私も巻頭特集に「権力の狙いは既得権益の死守だ」と題する小論を寄稿した。巻頭特集にはこれ以外に、
中村慶一郎氏による
「異議あり!「小沢=悪」報道」
鈴木宗男氏VS佐藤優氏による
「官僚たちの暴走」
の論文が掲載されている。
拙稿「権力の狙いは既得権益の死守だ」の小見出しを紹介する。
「政治謀略」が小沢代表秘書逮捕の本質
吉田内閣の系譜上に見る「秘密警察」
小沢氏主導の政権交代を警戒
「悪徳ペンタゴン」は何を恐れているか
今回の西松建設事件の本質を見極めることがまず重要だ。
今回の問題を最も的確に指摘し、謀略の成功を阻止することに多大な貢献をした郷原信郎名城大教授のテレビ出演が激減している。「悪徳ペンタゴン」が郷原氏のテレビ出演禁止の方針を示したのではないか。
郷原氏は、今回の東京痴犬地検国策特別捜査部の小沢氏秘書摘発を、「歴史的な検察の大失敗捜査」と断じている。政権交代の是非を問う決戦の総選挙を目前にして、野党第一党の党首の公設秘書を逮捕するのに、内閣総理大臣にその方針が伝えられないとは考えられない。
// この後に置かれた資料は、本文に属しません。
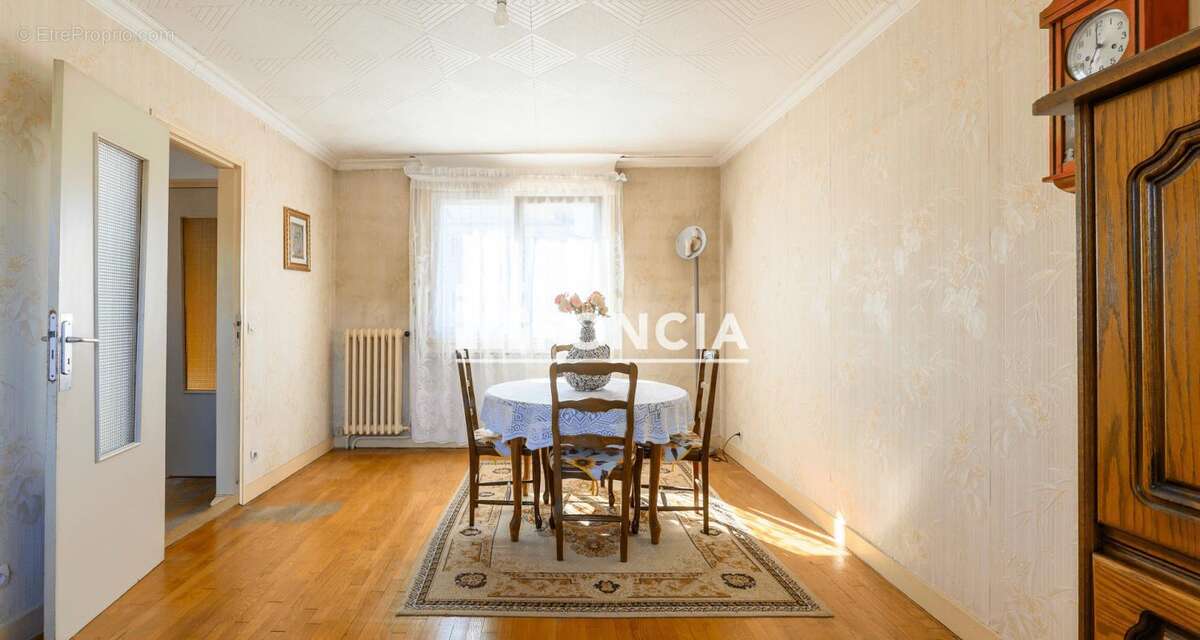 Maison à NEUILLY-SUR-MARNE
漆間巌官房副長官が「自民党議員には捜査が絶対に波及しない」と述べたことが伝えられ、問題化したが、麻生内閣が今回の摘発に密接に関与したことは明らかだろう。
拙稿にも記したが、麻生首相の祖父である吉田茂元首相は日本の秘密警察組織の創始者と言ってもよい存在である。共同通信社出身で現在名古屋大学大学院教授の春名幹男氏の著書『秘密のファイルCIAの対日工作(上・下)』(共同通信社)に、その経緯が記されている。
秘密のファイル(上) CIAの対日工作
著者:春名 幹男 |
秘密のファイル(下) CIAの対日工作
著者:春名 幹男 |
吉田首相は第三次吉田内閣が発足して1ヵ月半後の1949年3月にGHQ参謀第2部チャールズ・ウィロビー少将あてに以下の内容の書簡を送っている。
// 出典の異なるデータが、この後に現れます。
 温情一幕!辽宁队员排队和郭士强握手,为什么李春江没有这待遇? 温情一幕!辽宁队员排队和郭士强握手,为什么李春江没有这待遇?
「日本の共産主義者の破壊的かつ反逆的な行動を暴露し、彼らの極悪な戦略と戦術に関して国民を啓発することによって、共産主義の悪と戦う手段として、私は長い間、米議会の非米活動委員会をモデルにした『非日活動委員会』を設置することが望ましいと熟慮してきた。」
この延長上に1952年7月、「破壊活動防止法(破防法)」公布と同時に、「公安調査庁」が発足し、同時期に「内閣調査室」が発足した。「内閣調査室」は吉田首相が自分の元秘書官で警察官僚の村井順に命じて設置した情報機関である、と同書は記している。
麻生首相が政権発足に際して、警察庁長官経験者の漆間巌氏を内閣官房副長官に起用した背景に、このような吉田茂内閣以来の日本の秘密警察の系譜が存在することを忘れてはならない。
小沢氏秘書逮捕の本質が「政治謀略」である以上、民主党は徹底して、毅然とした対応を示す必要があるのだ。4月27日付記事に既述したように、「テロ」への適切な対応を念頭に置かねばならない。
「テロ」の要求に従うことは、「テロ」を容認する行為であり、「テロ」を助長する行為なのだ。「政治謀略」の要求に従うことは、「政治謀略」を容認する行為であり、「政治謀略」を助長する行為なのだ。
「テロ」は多くの人命を人質にとり、要求に従わなければ人質の命を奪うと脅迫する。しかし、ここで「テロ」の要求に従うことは、その「人質」の命を救済するように見えるが、それと引き換えに、「テロ」を成就させ、「テロ」を助長することを通じて、国民全体を危機に晒すことを意味する。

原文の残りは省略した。